→ **Recorded information**
----------------
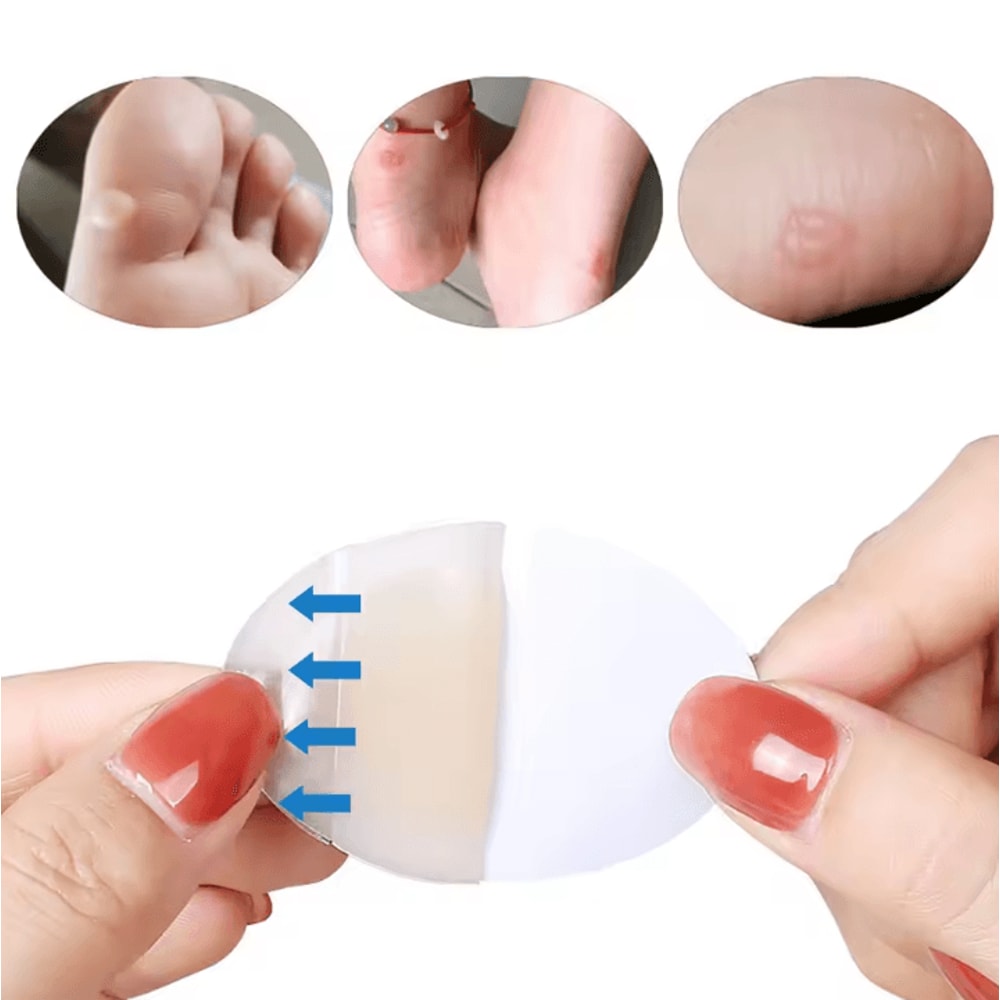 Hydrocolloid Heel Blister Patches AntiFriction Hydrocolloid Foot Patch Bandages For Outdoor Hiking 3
----------------
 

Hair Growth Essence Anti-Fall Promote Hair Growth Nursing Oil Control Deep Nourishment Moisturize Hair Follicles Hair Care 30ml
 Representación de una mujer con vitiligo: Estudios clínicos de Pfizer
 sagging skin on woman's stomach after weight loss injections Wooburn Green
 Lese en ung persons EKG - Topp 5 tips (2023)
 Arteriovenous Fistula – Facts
----------------
→ **What is being asked**
Reproduce only the lines above, starting at the line with "Representación de una" and ending at the line with "Arteriovenous Fistula – Facts", exactly as written.

→ **Written response**
 Representación de una mujer con vitiligo: Estudios clínicos de Pfizer
 sagging skin on woman's stomach after weight loss injections Wooburn Green
 Lese en ung persons EKG - Topp 5 tips (2023)
 Arteriovenous Fistula – Facts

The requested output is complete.